* What is required
Pictures stay out of the output. Return exactly the lines below from the one with "Hobestluk 3FT Bean" down to the one with "Contempo (pourpre/Chartreuse) v.2", both included, and nothing more.

* Data for the task
- Opening Delimiter -

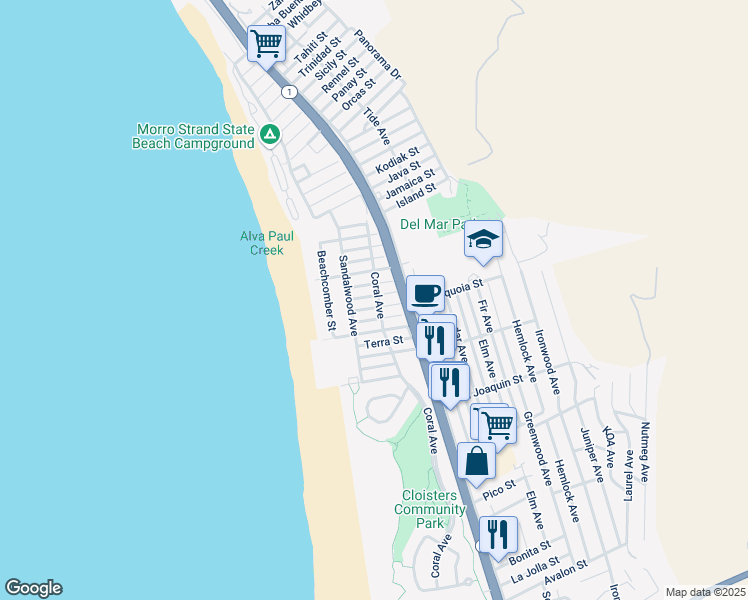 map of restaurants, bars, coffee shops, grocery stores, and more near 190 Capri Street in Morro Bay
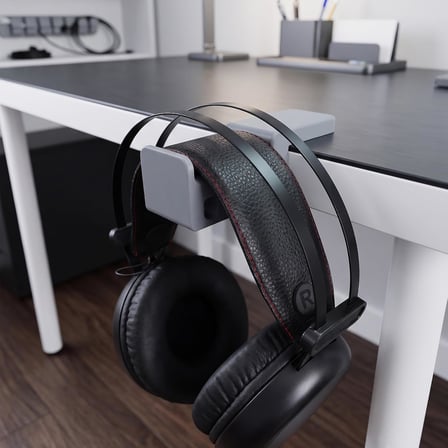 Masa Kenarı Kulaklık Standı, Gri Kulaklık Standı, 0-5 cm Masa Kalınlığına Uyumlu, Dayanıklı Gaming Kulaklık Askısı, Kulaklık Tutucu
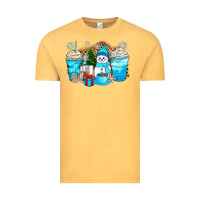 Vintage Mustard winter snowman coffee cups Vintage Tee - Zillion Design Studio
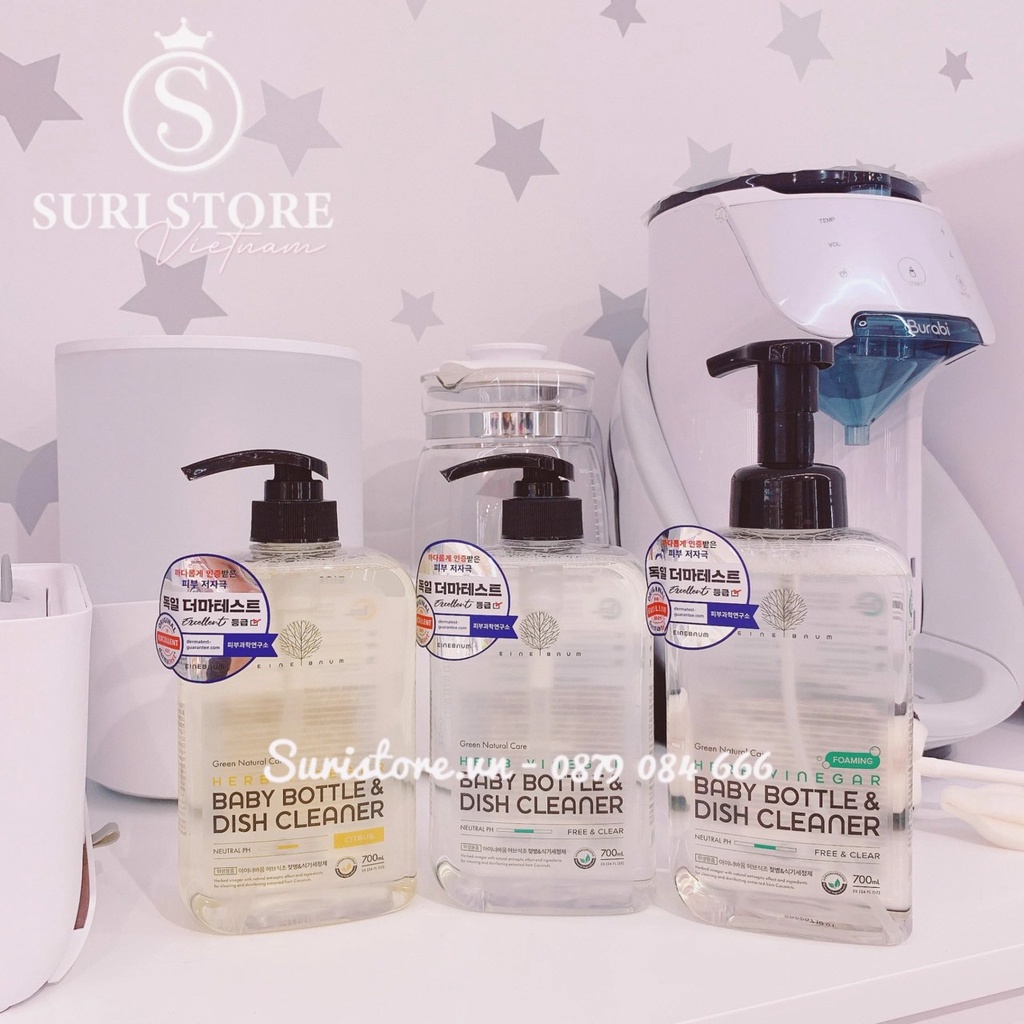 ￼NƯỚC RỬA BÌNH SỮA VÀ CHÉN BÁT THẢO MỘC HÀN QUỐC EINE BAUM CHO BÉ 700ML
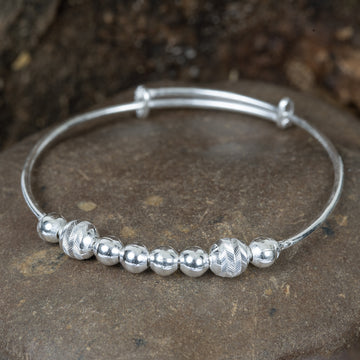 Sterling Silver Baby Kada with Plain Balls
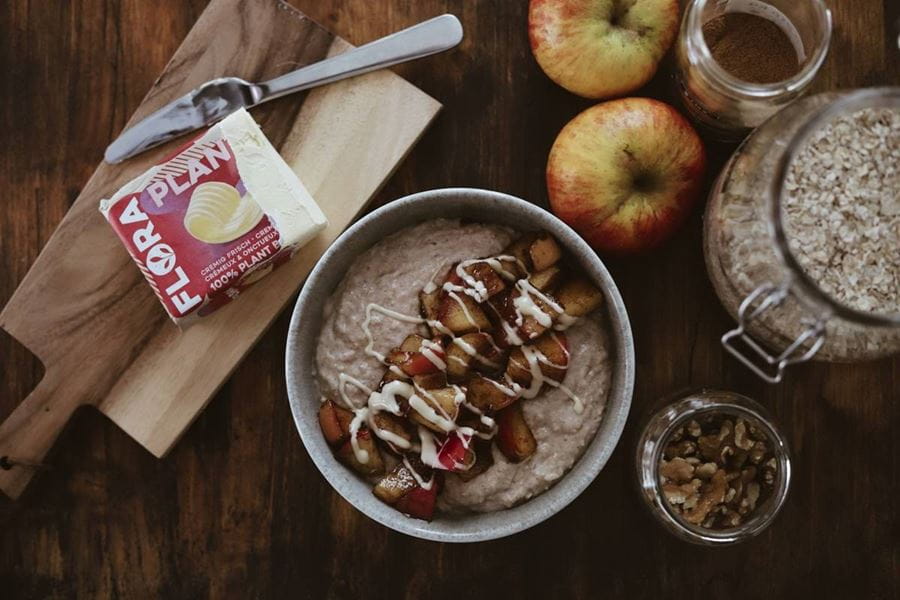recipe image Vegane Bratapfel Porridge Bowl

- Closing Delimiter -
- Opening Delimiter -

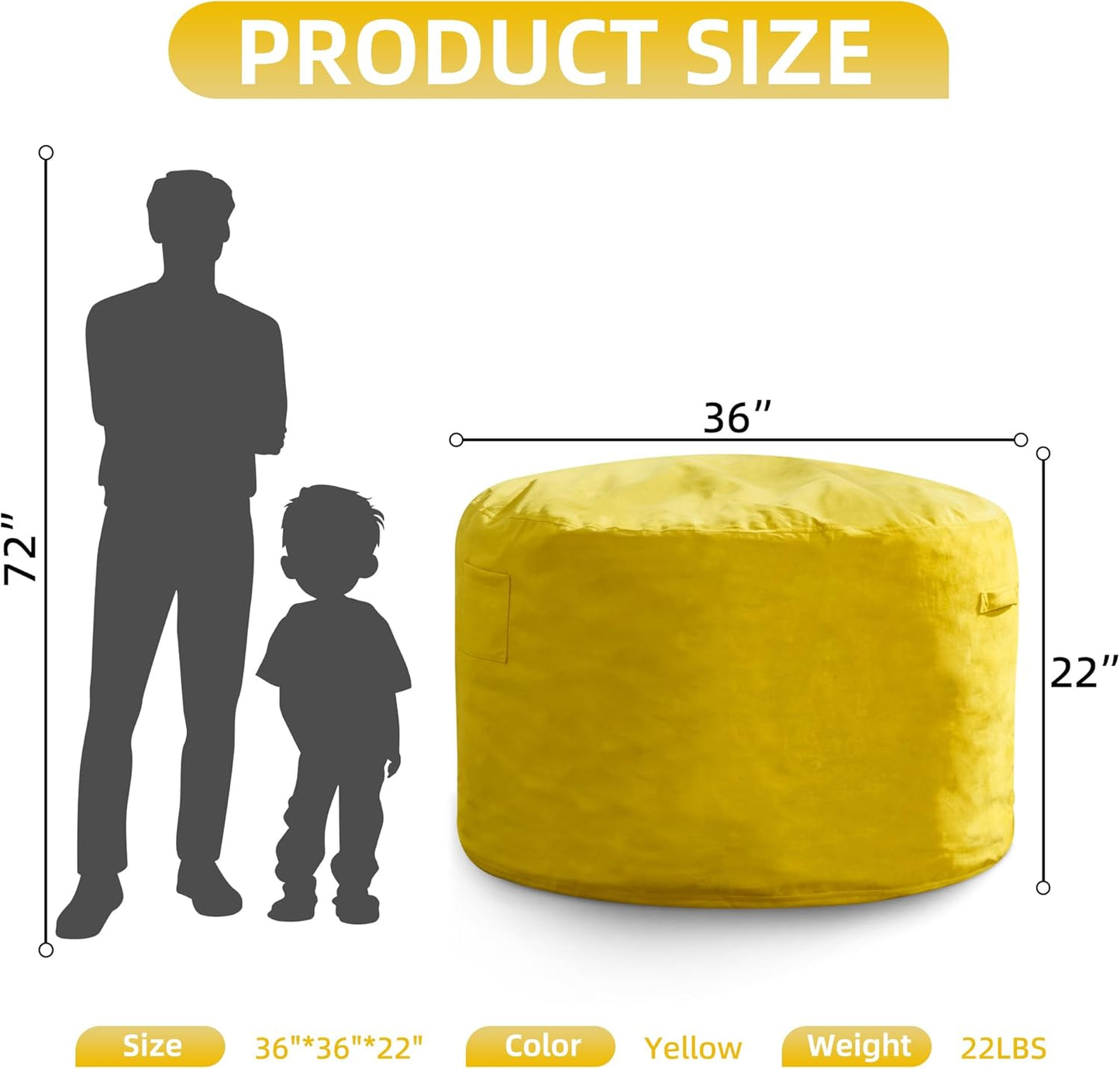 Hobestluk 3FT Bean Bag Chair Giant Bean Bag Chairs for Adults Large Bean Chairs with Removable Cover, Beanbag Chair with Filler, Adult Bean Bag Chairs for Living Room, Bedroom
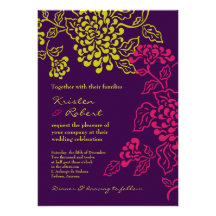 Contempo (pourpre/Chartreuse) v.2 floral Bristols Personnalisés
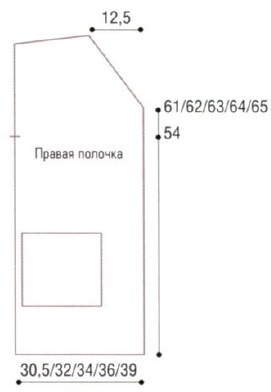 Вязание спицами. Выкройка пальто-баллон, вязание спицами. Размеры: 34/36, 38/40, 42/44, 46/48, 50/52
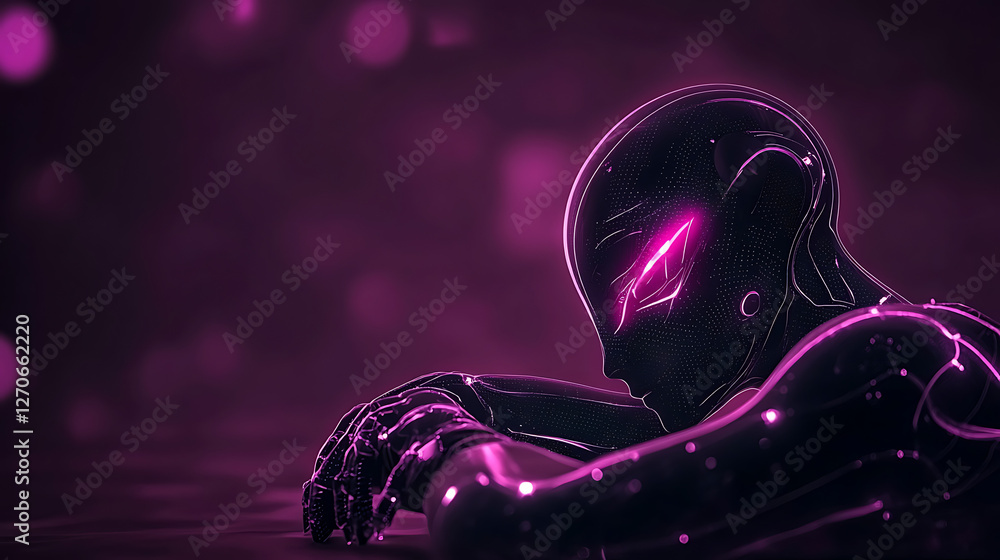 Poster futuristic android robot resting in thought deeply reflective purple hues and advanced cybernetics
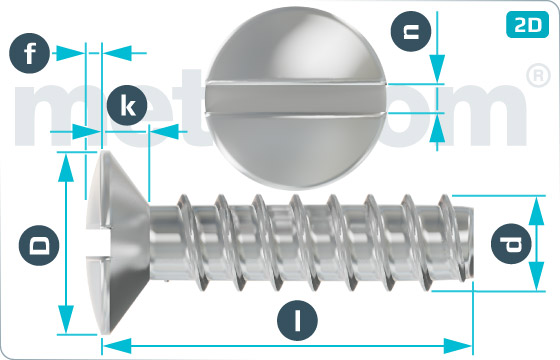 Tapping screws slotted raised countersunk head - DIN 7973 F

- Closing Delimiter -
- Opening Delimiter -

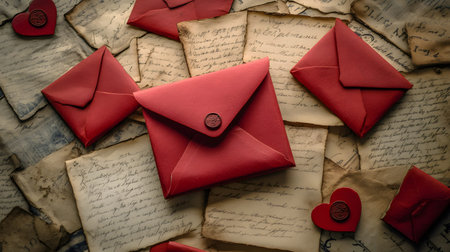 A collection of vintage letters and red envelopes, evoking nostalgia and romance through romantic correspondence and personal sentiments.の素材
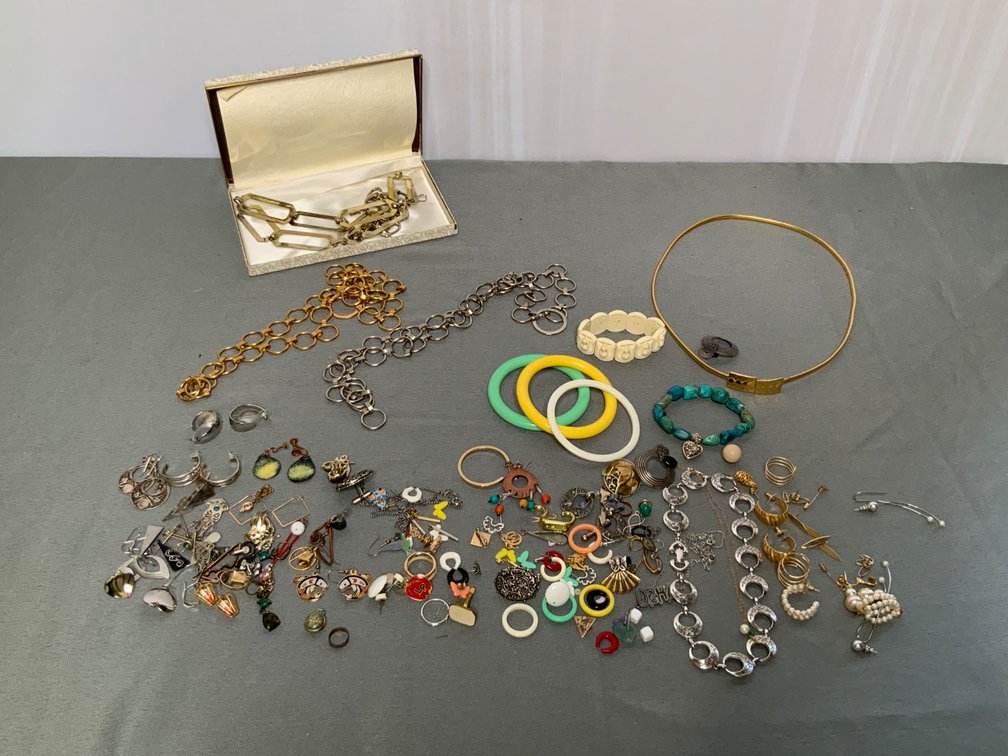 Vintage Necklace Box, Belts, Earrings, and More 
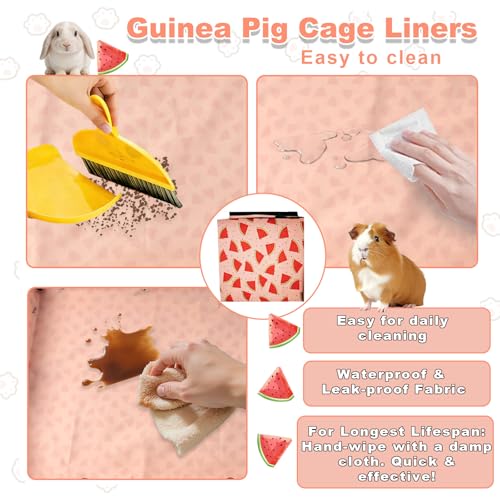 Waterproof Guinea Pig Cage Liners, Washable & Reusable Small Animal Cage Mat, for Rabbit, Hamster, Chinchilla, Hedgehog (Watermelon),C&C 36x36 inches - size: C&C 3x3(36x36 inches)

- Closing Delimiter -

* Solution to the exercise
 Hobestluk 3FT Bean Bag Chair Giant Bean Bag Chairs for Adults Large Bean Chairs with Removable Cover, Beanbag Chair with Filler, Adult Bean Bag Chairs for Living Room, Bedroom
 Contempo (pourpre/Chartreuse) v.2 floral Bristols Personnalisés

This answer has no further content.